In turn, he urged the bishops to allow themselves “to be taken down unexpected paths.” He said that the Church needs to find a middle ground between “hostile rigidity” by “so-called traditionalists” and “progressives” who would “bandage a wound before treating it.”

Agreeing with the Pope’s final statements, Manila Archbishop Luis Antonio Cardinal Tagle also called on his fellow bishops to “be calm and let us not stereotype each other” in an interview with Salt+Light, a Catholic media network based in Canada.

“Let us not stereotype persons, countries, local churches,” the Archbishop said to his fellow prelates. “We are here, all of us have something to contribute. But all of us are also learning.”

Archbishop Tagle was one of three delegate presidents tasked to preside over the general assembly at the Synod.

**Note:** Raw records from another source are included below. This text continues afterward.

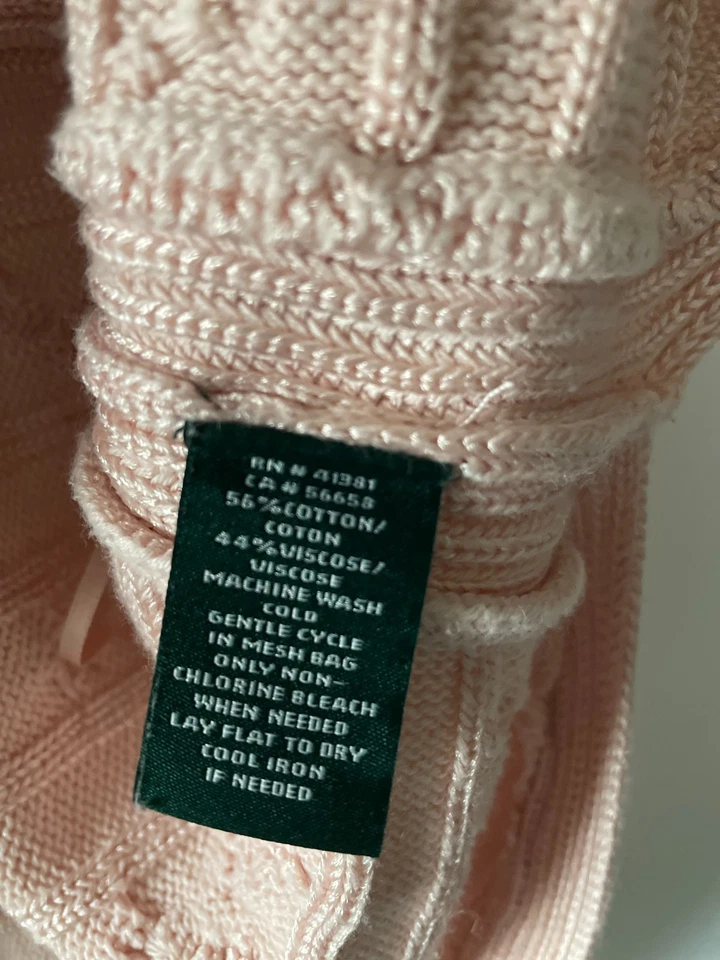 Suéter Lauren Ralph Lauren Feminino Bebê Rosa Malha Capuz Malha Tamanho Grande Tamanho 2X - Imagem 4 de 4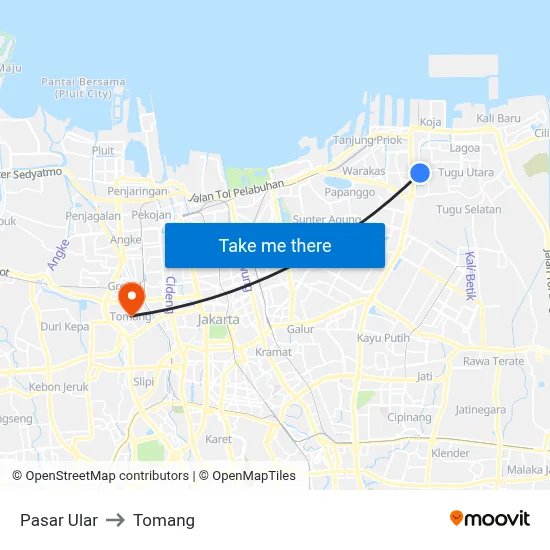 Pasar Ular to Tomang map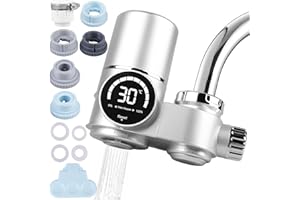 LEIKURVO Filtre à eau pour robinet avec indicateur LED - Filtre à eau potable - Élimine le chlore, les métaux lourds - Stérilisation UV - Pour cuisine, voyage, animaux domestiques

Commenting on the bishops’ decision on the homosexual and divorced Catholics debate, Tagle said, “This Synod is unique because it’s happening in two stages. We have the whole year to continue studying and continue consulting people.”

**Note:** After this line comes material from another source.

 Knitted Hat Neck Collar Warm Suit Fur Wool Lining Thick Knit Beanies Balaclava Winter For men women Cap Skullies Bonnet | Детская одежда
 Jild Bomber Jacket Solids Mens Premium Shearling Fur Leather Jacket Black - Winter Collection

This year’s Synod focused on defining the situations pertaining to the Catholic family, and is seen as a “preparatory step” for the Ordinary General Assembly of the Synod of Bishops next year in Philadelphia, which reportedly will continue tackling discussion related to the Catholic family and will “formulate appropriate pastoral guidelines.”

Pope Francis also decided to release the paragraph-by-paragraph document and voting results to the public, in order to highlight both the divisiveness and unity in the bishops’ decisions. He is also scheduled to visit the Philippines in January for the second Philippine Conference on New Evangelization (PCNE) and to visit areas destroyed by Typhoon Haiyan (although his official trip itinerary has not yet been released).

Ending the Synod, Francis officially beatified Pope Paul VI, elected in 1963 and best known for implementing the reforms of Vatican II and the encyclical Humanae Vitae. The beatification marked the third 20th-century pope that Francis has elevated this year, after he canonized Sts. John XXIII and John Paul II in April. A beatification Mass was held outdoors in St. Peter’s Square, celebrating the continuity of the Church despite evident differences between the bishops.

(With reports from Inquirer, Associated Press, NPR, The Atlantic, and AFP.)